El buen poeta es siempre un lector de poesía. De Quevedo


y de T.S Eliot, de Garcilaso y de Olga Orozco, de Philip
Larkin y de Szymborska, de Safo y de Silvia
Plath, aprenderá su oficio, para rebasarlo, y hacer de él
una opción de vida. Pero es de la conexión íntima entre la
conciencia del escritor y lo que se propone que nace la
forma, que es, por supuesto, mucho más que técnica,
pues no sólo con cada poema la poesía nace de nuevo,
sino que no hay fórmula ninguna que garantice su logro.
Es verdad que una actividad poética continuada crea
destrezas; pero estas, a veces, pueden convertirse en un
peligro para el arte. El poeta Fabián Casas, dueño de una
obra que seduce en su extrañeza, lo ha expresado muy
bien:
“Cualquiera adquiere una habilidad si se empecina en eso.
El periodismo, por ejemplo, es puro oficio, Pero resulta
que uno siente que el escritor debe ir siempre en contra
de su habilidad. De manera que esos textos que parecen
tan redondos y buenos son en realidad falsos amigos.”

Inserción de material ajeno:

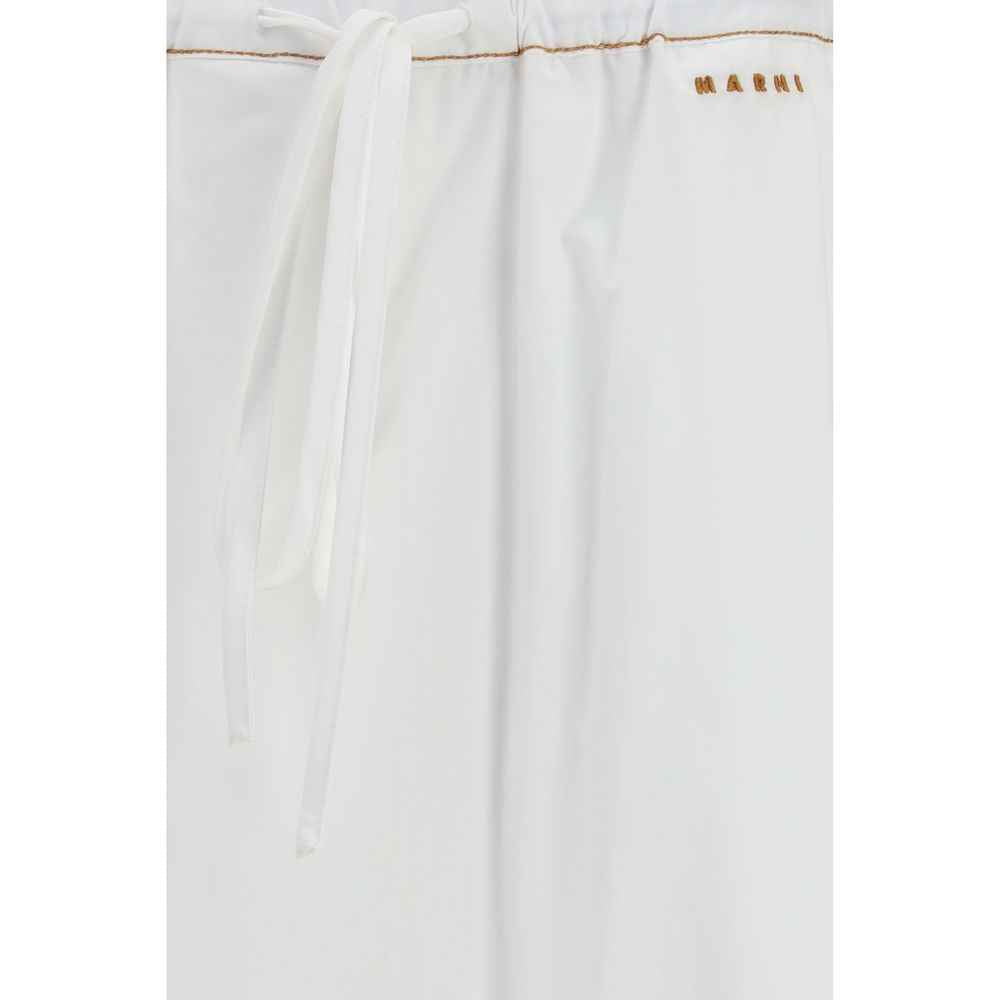 Marni White Cotton Casual Pants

Una cosa, pues, es ser un versificador. Otra un virtuoso.


Otra un escritor engolosinado con sus propios hallazgos. Y
otra un poeta que hace de cada poema a la vez un acto
necesario – aunque prescindible- y una aventura.

Una y otra vez se ha dicho que la poesía es una forma de


conocimiento. Pero, por supuesto, la razón que orienta
ese conocimiento no es la misma que se pone al servicio
de la filosofía o de la ciencia. Estos saberes aspiran a
verdades fijas, o, más bien, a fijar la realidad para
conocerla. La poesía, por el contrario, se ocupa de lo
móvil, de lo que se oculta y a la vez se revela, de lo
paradojal o lo inasible. Por eso el rigor de la palabra
poética es el rigor de lo autorreferencial. Y es justa sólo en
la medida en que resignifica haciéndose ambigua,
polivalente, resistiéndose a ser interpretada
unívocamente. Lo cual hace que el sentido último de un
poema jamás nos sea revelado.

Hacer cuajar intuiciones, pensamientos y elecciones


literarias en palabras equivale ya a un acto intelectual que
supone un distanciamiento. Paradójicamente, el poeta se
encuentra a sí mismo en su obra, pero también se aparta
de lo que sabe de sí, pues el mejor poema, creo, es aquel
que termina por revelarle algo no sólo al lector sino al
escritor.

Intuición y razón se conjugan, pues, en el arte de escribir.


Y la tarea del escritor consiste en hacer mínima la brecha
entre lo que se quiere y lo que se puede.

Finalmente: dos oídos tiene el poeta, uno para escuchar


dentro de sí y otro para escuchar los latidos del mundo. Es
en esa conjunción donde el poema florece como lo que es:
una flor siempre extraña y siempre conocida.

___________
1. Maillard, Chantal, La creación por la metáfora, Introducción a la razón poética, Anthropos, Barcelona, 1992.